- _Exercise_:
Each line from the one containing "Trust Asto Soundbar" to the last line of the listing below is to be duplicated exactly, and no picture is to be carried over.

- _Information provided_:
== Segment start ==
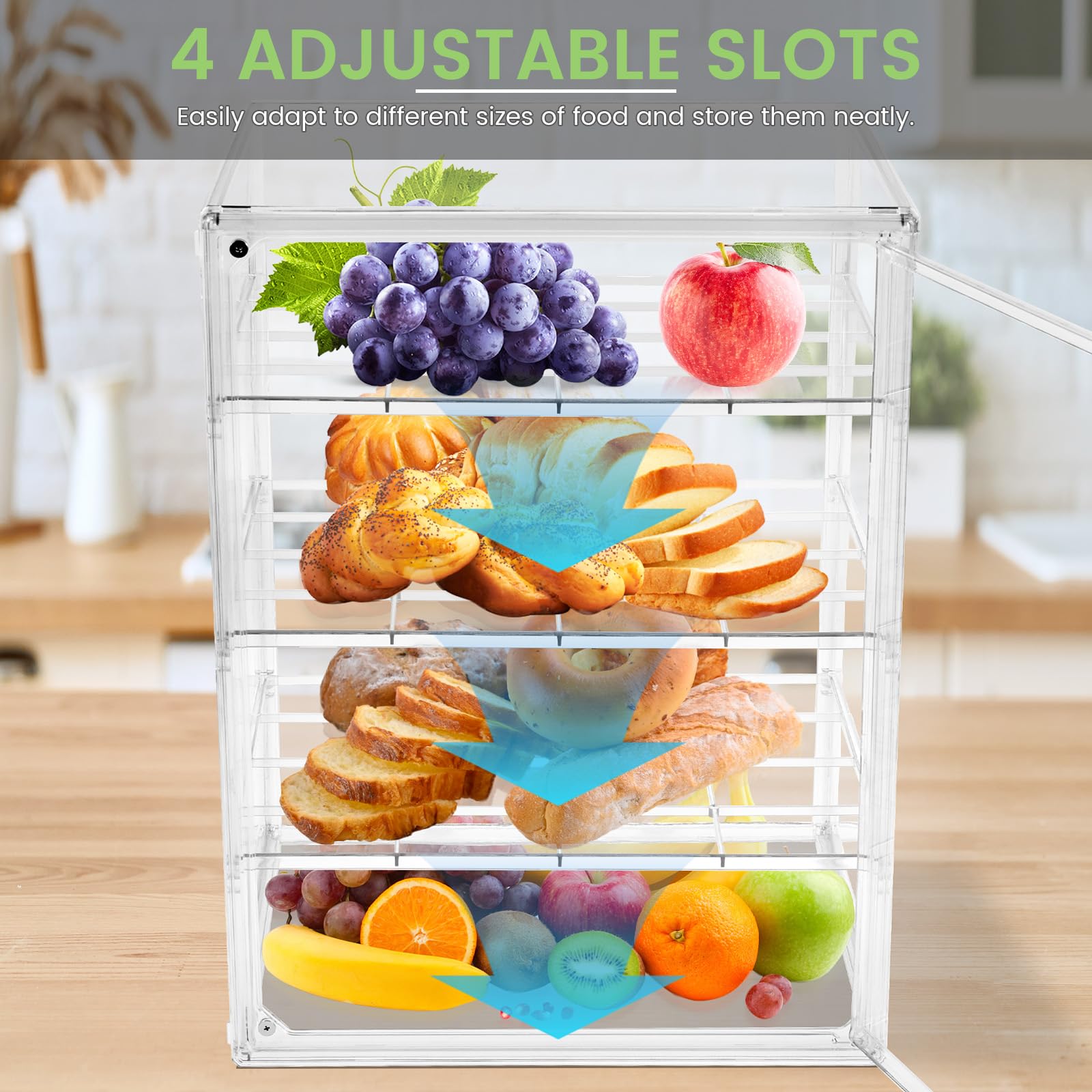 Vetrina per pasticceria, 4 strati in acrilico per piano di lavoro della cucina, 29 × 25 × 39,2 cm, contenitore per il pane trasparente regolabile con porta magnetica, supporto per il display della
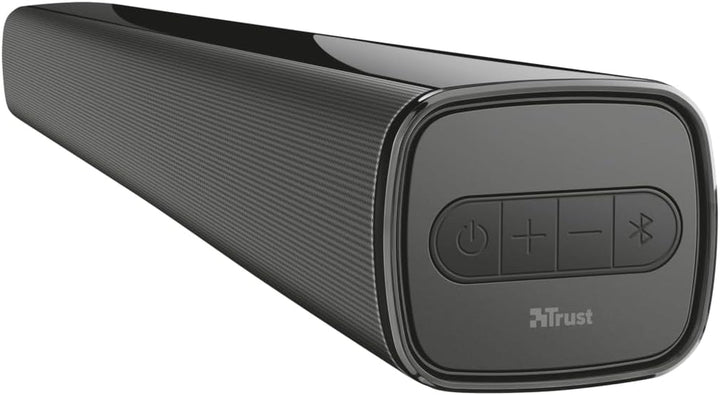 Trust Asto Soundbar 12 W Spitzenleistung (6 W RMS), PC Lautsprecher, USB Betrieb, 3,5 Mm AUX Anschluss, Stereo Soundsystem, Computer Boxen Für PC, Laptop, Monitor, TV, Musik, Audio - Schwarz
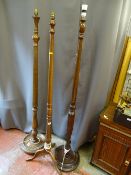 Three vintage standard lamps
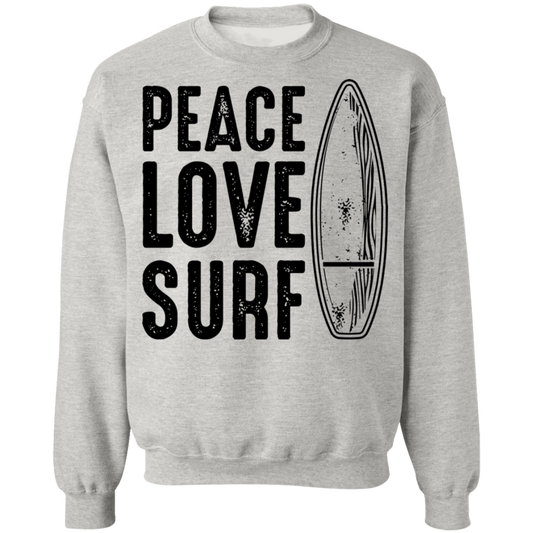 Peace Love Surf Ocean Beach Crewneck Sweatshirt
== Segment end ==
- _Answer to this problem_:
 Trust Asto Soundbar 12 W Spitzenleistung (6 W RMS), PC Lautsprecher, USB Betrieb, 3,5 Mm AUX Anschluss, Stereo Soundsystem, Computer Boxen Für PC, Laptop, Monitor, TV, Musik, Audio - Schwarz
 Three vintage standard lamps
 Peace Love Surf Ocean Beach Crewneck Sweatshirt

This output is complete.